TASK ITEM:
The entries are to be reproduced word for word, with all images left out.

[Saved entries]

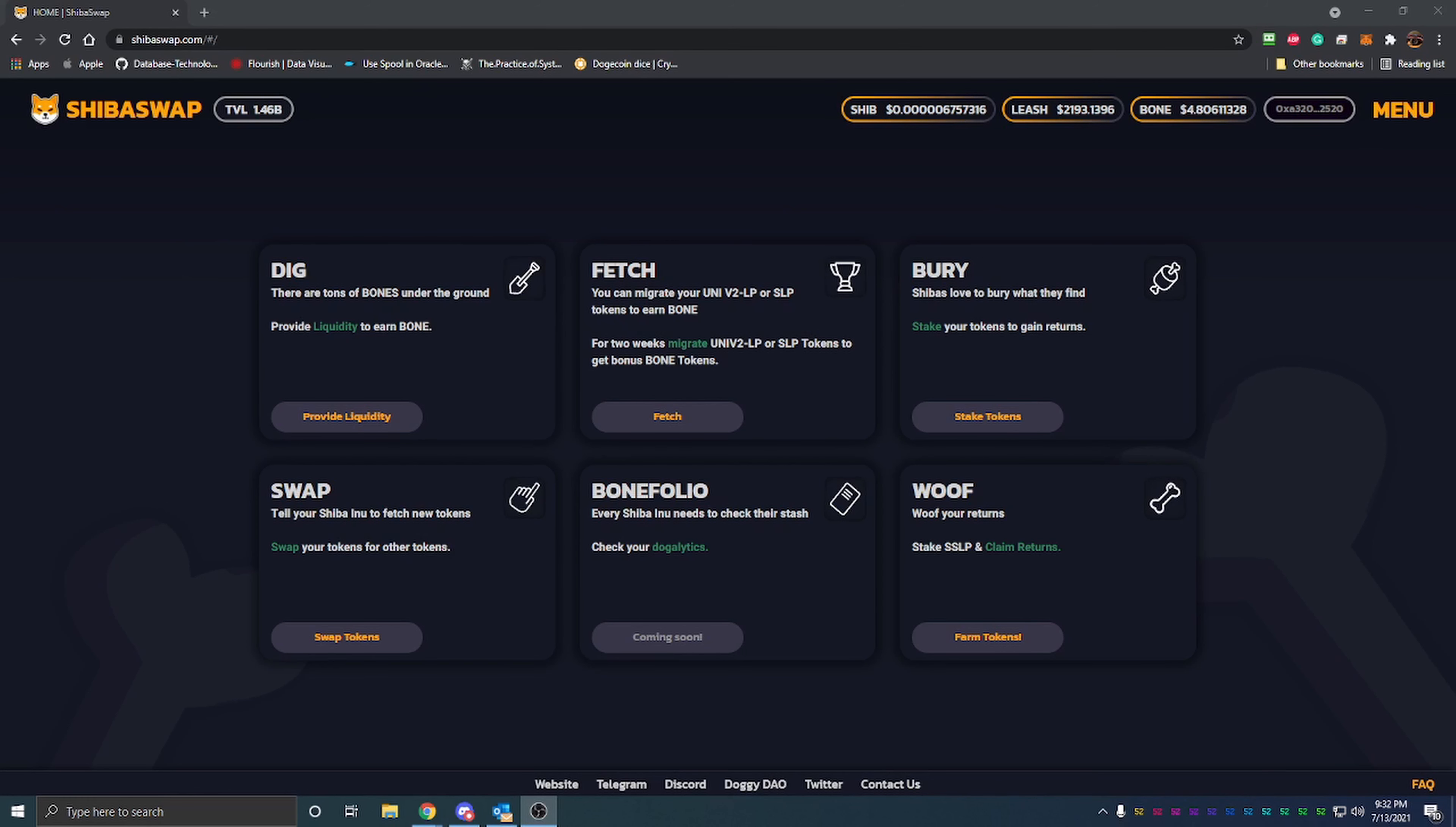Hello everyone and welcome back to Bitcoin Tips. Today I'm going to be talking about Shiba Swap and some of the features, specifically the dig feature that I have done some research on and giving you my thoughts and opinions on it. Before we get into the video, I do want to ask you to hit the like button to help out the YouTube algorithm and recommend this video to more people so they can learn about Shiba Swap and how to make money online using cryptocurrency.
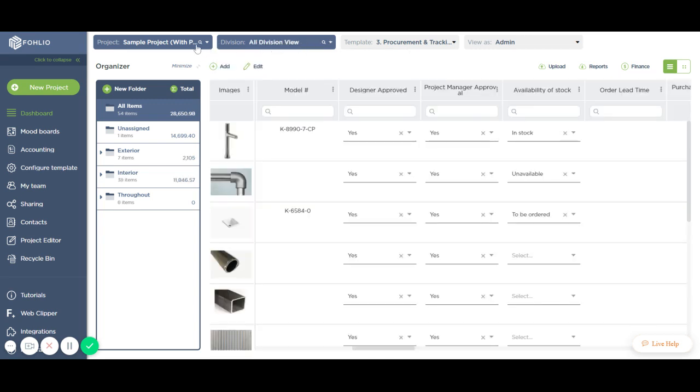Another important change is the search function for the project and division dashboard filters.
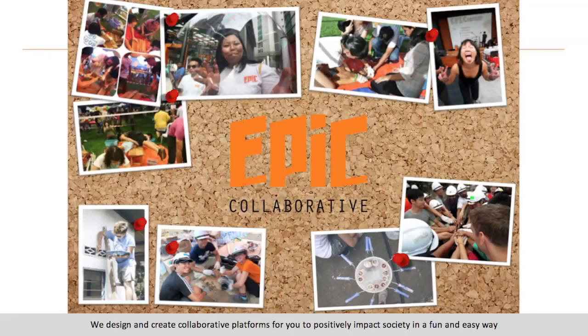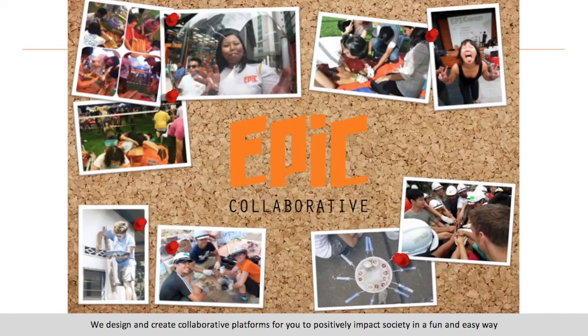Let me introduce what I do. I run a social enterprise called Epic Collaborative. For those who don't know what a social enterprise is, to simply put it, it's the middle ground between a charity, an NGO, and a business.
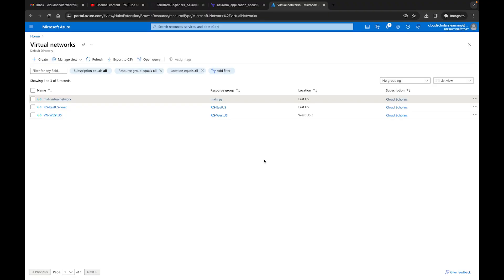Hey, welcome back everyone. I hope everyone is having a blessed day. My name is Kieran Tross, and I want to thank you for clicking on this video. This is the Terraform for Beginners living series, and I'm going to be going through this series throughout all of 2024. I'm excited to bring you this content and I'm going to continue updating it and coming up with really fun little projects to help you learn Terraform.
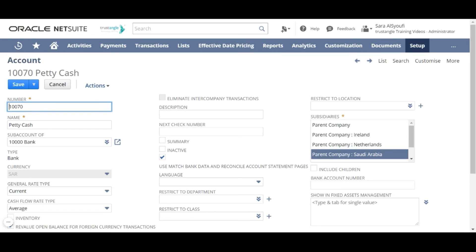Trustangle has an add-on bundle to apply an approval workflow for adding a new account in NetSuite. Thank you for watching. This video was brought to you by Trustangle Team.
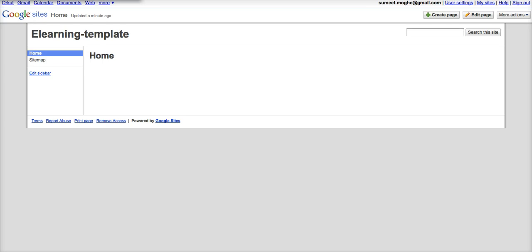Before you know it your site is ready. Now this is obviously a blank site and there is no content in it. That's because I chose the blank template. You can choose one of the existing templates, have some fun, play around, see what suits your purpose best.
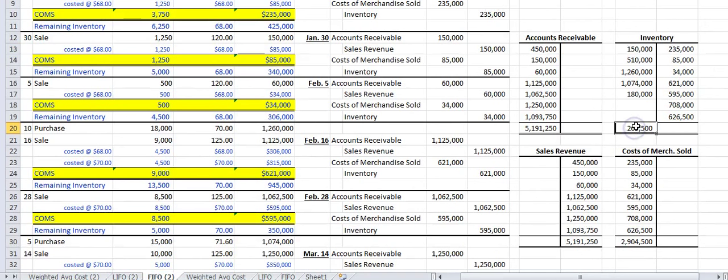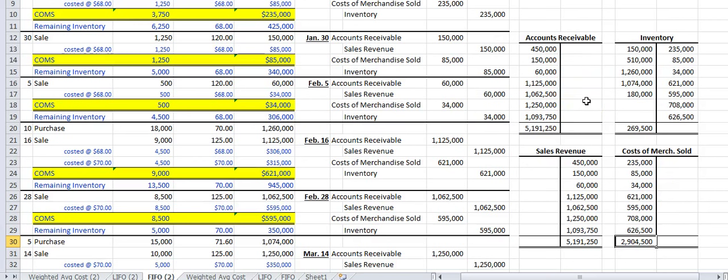Checking the T-accounts against the book's answers: sales revenue is $5,191,250, cost of merchandise sold is $2,904,500, accounts receivable is $5,191,250, and ending inventory is $269,500. Everything matches the book's answers, so the exercise was done correctly using the FIFO method.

RESPONSE:
Hello everyone and welcome back to Bitcoin Tips. Today I'm going to be talking about Shiba Swap and some of the features, specifically the dig feature that I have done some research on and giving you my thoughts and opinions on it. Before we get into the video, I do want to ask you to hit the like button to help out the YouTube algorithm and recommend this video to more people so they can learn about Shiba Swap and how to make money online using cryptocurrency.
Another important change is the search function for the project and division dashboard filters.
Let me introduce what I do. I run a social enterprise called Epic Collaborative. For those who don't know what a social enterprise is, to simply put it, it's the middle ground between a charity, an NGO, and a business.
Hey, welcome back everyone. I hope everyone is having a blessed day. My name is Kieran Tross, and I want to thank you for clicking on this video. This is the Terraform for Beginners living series, and I'm going to be going through this series throughout all of 2024. I'm excited to bring you this content and I'm going to continue updating it and coming up with really fun little projects to help you learn Terraform.
Trustangle has an add-on bundle to apply an approval workflow for adding a new account in NetSuite. Thank you for watching. This video was brought to you by Trustangle Team.
Before you know it your site is ready. Now this is obviously a blank site and there is no content in it. That's because I chose the blank template. You can choose one of the existing templates, have some fun, play around, see what suits your purpose best.
Checking the T-accounts against the book's answers: sales revenue is $5,191,250, cost of merchandise sold is $2,904,500, accounts receivable is $5,191,250, and ending inventory is $269,500. Everything matches the book's answers, so the exercise was done correctly using the FIFO method.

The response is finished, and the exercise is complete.